Now that is a smoke ring! :beer:

What kind of wood did you use?


----------



## Paymaster (Jan 22, 2009)

map120277 said:


> Now that is a smoke ring! :beer:
> 
> What kind of wood did you use?


Mix of oak, hickory and apple wood today.
Thanks


----------



## Finger_Mullet (Aug 19, 2005)

Never smoked a deer ham. how do they turn out? Looks like it would be dry even with the bacon.

Darin


----------



## surfchunker (Apr 10, 2006)

a local butcher shop here smokes my deer hind quarters and then I get it chipped ... so darn good ... today I took a 1/2 lb package and mixed it with Heintz Brown Gravy over sliced bread with some mashed taters and corn ... I'd take a pic but it's all gone


----------



## Paymaster (Jan 22, 2009)

I injected with a marinade and it was super moist. Good eats for sure.


----------



## sleepyhead (Apr 30, 2004)

That looks yummy.. How peeps did you feed with all of that?


----------



## RuddeDogg (Mar 20, 2004)

DAM! That looks great!


----------



## Excalibur (Oct 27, 2004)

WNCRick - I've had fairly good luck smoking with this dual sensor probe:

Maverick Wireless BBQ Thermometer Set - Maverick ET732

You can buy it through Amazon.


----------



## reddog1 (May 3, 2003)

Pay,
Are you smoking for Thanksgiving? I am doing some chickens and 2 brined fresh hams.


----------



## Paymaster (Jan 22, 2009)

reddog1 said:


> Pay,
> Are you smoking for Thanksgiving? I am doing some chickens and 2 brined fresh hams.


Not smoking but cooking a turkey in my Big Easy oil-less fryer. This one done last time.


----------



## reddog1 (May 3, 2003)

Thats cool. I haven;t seen the oil-less fryer before. Another thing, on your "beast" where does the heat enter the cooking area from the firebox. The only thing I don;t like about mine is that it gets too hot on the one side and it is much cooler on the side away from the firebox so you have to rotate the meat often to get even cooking.


----------



## Paymaster (Jan 22, 2009)

reddog1 said:


> Thats cool. I haven;t seen the oil-less fryer before. Another thing, on your "beast" where does the heat enter the cooking area from the firebox. The only thing I don;t like about mine is that it gets too hot on the one side and it is much cooler on the side away from the firebox so you have to rotate the meat often to get even cooking.

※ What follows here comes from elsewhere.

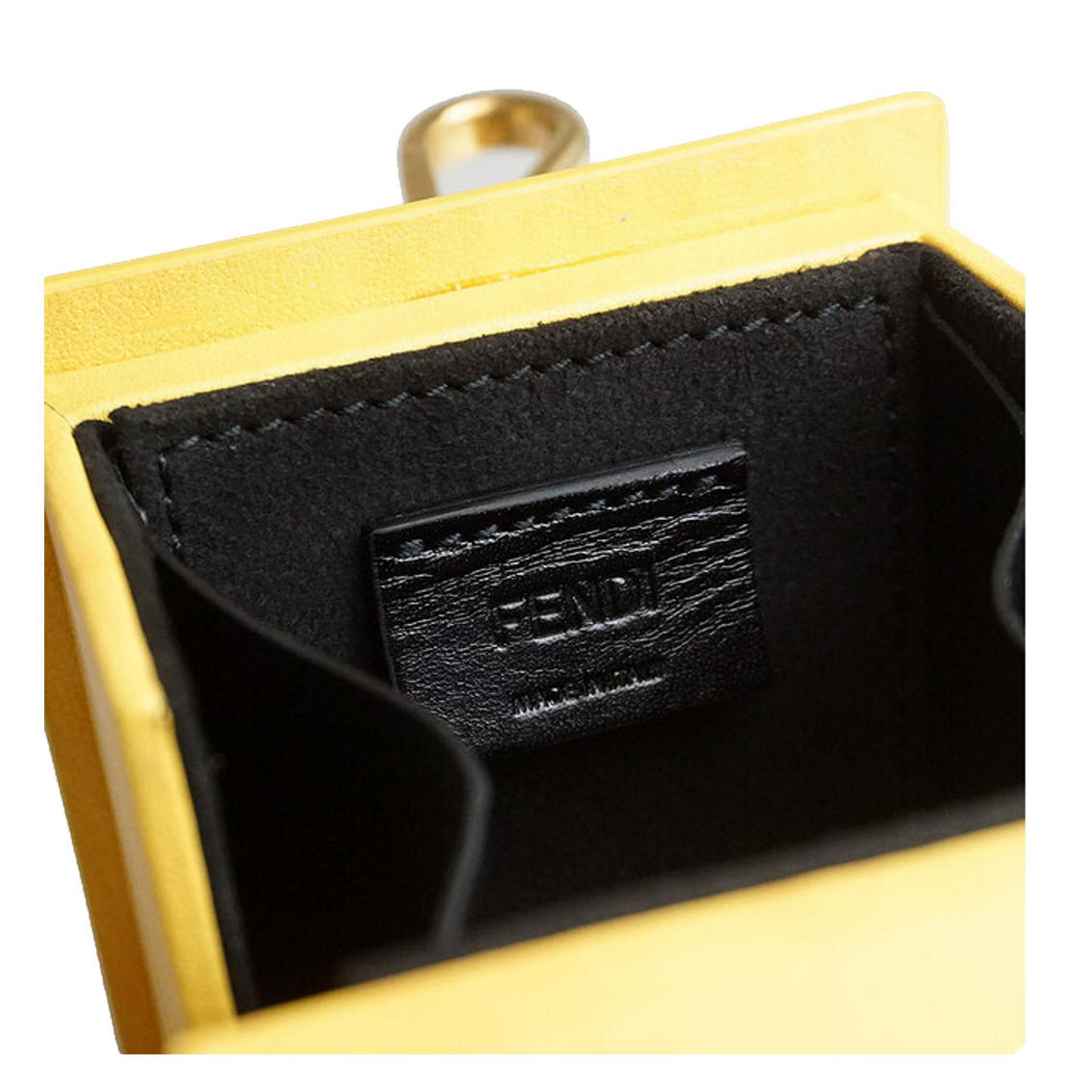Fendi Roma Mini Box Yellow Leather Key Ring Charm (New) - Image 5 of 5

The fire box is connected to the cook chamber with a 6" pipe. We are considering doing a mod to the smoker by shortening the pipe, moving the box forward, and adding a second pipe. It won't get above 250* and I believe the fire is too far away from the cook chamber. I would like to do hot and fast occasionally. I like to smoke turkey and chicken at 325*+ and I would like to do briskets in less that 14 hours.


----------



## reddog1 (May 3, 2003)

Do you ever wrap your meat. I have been trying to perfect my rib recipie. I have been doing the 3-2-1 method which is smoke for 3 hours wrap in foil for 2 and remove and smoke another hour. I did the same for pork shoulder and was able to get it done in under 6 hrs. It was super juicy and easy to pull apart. Probably the some thing can be done for the brisket. You just put some juice in the "packet" to sort of steam the meat for a while. Where does the 6" pipe connect to the box. Is it on one side or in the middle of the cooking chamber?


----------



## Paymaster (Jan 22, 2009)

reddog1 said:


> Do you ever wrap your meat. I have been trying to perfect my rib recipie. I have been doing the 3-2-1 method which is smoke for 3 hours wrap in foil for 2 and remove and smoke another hour. I did the same for pork shoulder and was able to get it done in under 6 hrs. It was super juicy and easy to pull apart. Probably the some thing can be done for the brisket. You just put some juice in the "packet" to sort of steam the meat for a while. Where does the 6" pipe connect to the box. Is it on one side or in the middle of the cooking chamber?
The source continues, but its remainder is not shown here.